Esas mismas fuentes sugieren que –dados los reflejos autoritarios del presidente Bukele– la nueva normativa podría conducir incluso a la criminalización de los ambientalistas.
Los opositores a los proyectos mineros presidenciales, reiteran las probables «consecuencias irreversibles» de la minería en El Salvador.
También la Conferencia Episcopal salvadoreña abunda en el mismo sentido al afirmar que «la práctica de cualquier tipo de minería sería, en nuestro país, gravemente dañina» y tendría «un gravísimo impacto en el medio ambiente, la fauna y la flora», y en primer lugar, desde luego, en «la salud y la vida de la población».
El mismo texto recuerda que los productos químicos utilizados para la extracción de los metales son siempre «sumamente tóxicos y letales» y convierten las aguas «en veneno letal». Una letalidad destinada a permanecer en la tierra durante siglos, dicen los obispos salvadoreños.
Por el contrario, el partido oficialista Nuevas Ideas (NI) del presidente Nayib Bukele defiende que no habrá daños medioambientales porque se prohibiría el uso de mercurio en «todas las fases del ciclo minero». Sin embargo, según señalan portavoces ecologistas, no se ha prohibido el uso de otros elementos como el cianuro, altamente tóxico y que puede incidir en las fuentes hídricas que se precisa utilizar en el proceso minero.
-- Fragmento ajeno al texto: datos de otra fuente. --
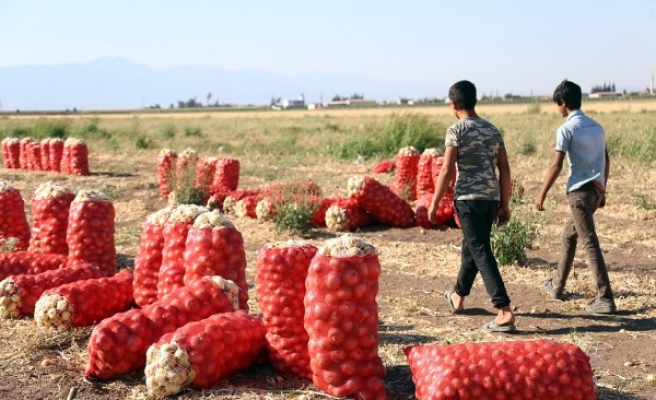 Urfalı tarım işçisi öğrenciler LGS'ye giremedi!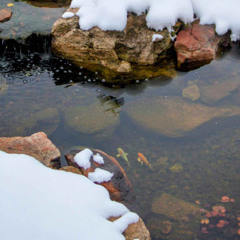 Ep. 1: Feeding Fish in Minnesota Winter: Why Less is More for Their Health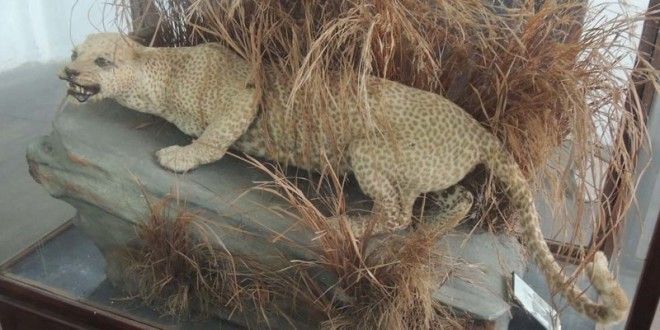 Занзибарский леопард животные интересное природа человек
Alejandro Henríquez, del grupo Rebelión Verde de El Salvador (REVERDES) ha repetido que «las personas más empobrecidas son las que van a sufrir los impactos mortales de la minería, mientras otros harán grandes negocios».
En la red social X (exTwitter), la destacada periodista Angélica Cárcamo, destaca que el voto de la comisión que ha impulsado la derogación de la ley de 2017 tomó su decisión «un sábado, en vísperas de Navidad, sin discusión [previa] en comisiones, sin análisis técnicos, sin escuchar a especialistas, sin consultar a las comunidades… Pero decían que serían diferentes a los anteriores, y es cierto: son peores».
A mediados de junio, el gobierno de Guatemala revocó la licencia que había concedido a una empresa de capital canadiense para explotar la mina de Cerro Blanco, un proyecto que había sido rechazado en referéndum por la ciudadanía guatemalteca.
Cerro Blanco sería una explotación minera que amenazaría el río Lempa y el lago Güija, que comparten Guatemala y El Salvador, donde el Lempa es la principal fuente de agua de la capital salvadoreña.
Coincidiendo con la sesión parlamentaria, diversas asociaciones llamaron a protestar ante la Asamblea Legislativa, mientras se votaba.
Y esa protesta ha tenido lugar bajo un lema inequívoco: La minería responsable no existe.
En varios estados centroamericanos y del Caribe, los conflictos medioambientales son numerosos y, con frecuencia, tienen que ver con empresas transnacionales cómplices de los poderes locales y que ignoran a los habitantes y la realidad de esos países.
En casi toda América Latina, y no sólo en los países más extensos, como Brasil, Colombia o Perú, la deforestación y el extractivismo minero son considerados por muchos expertos como amenazas mayores contra las fuentes hídricas y la biodiversidad.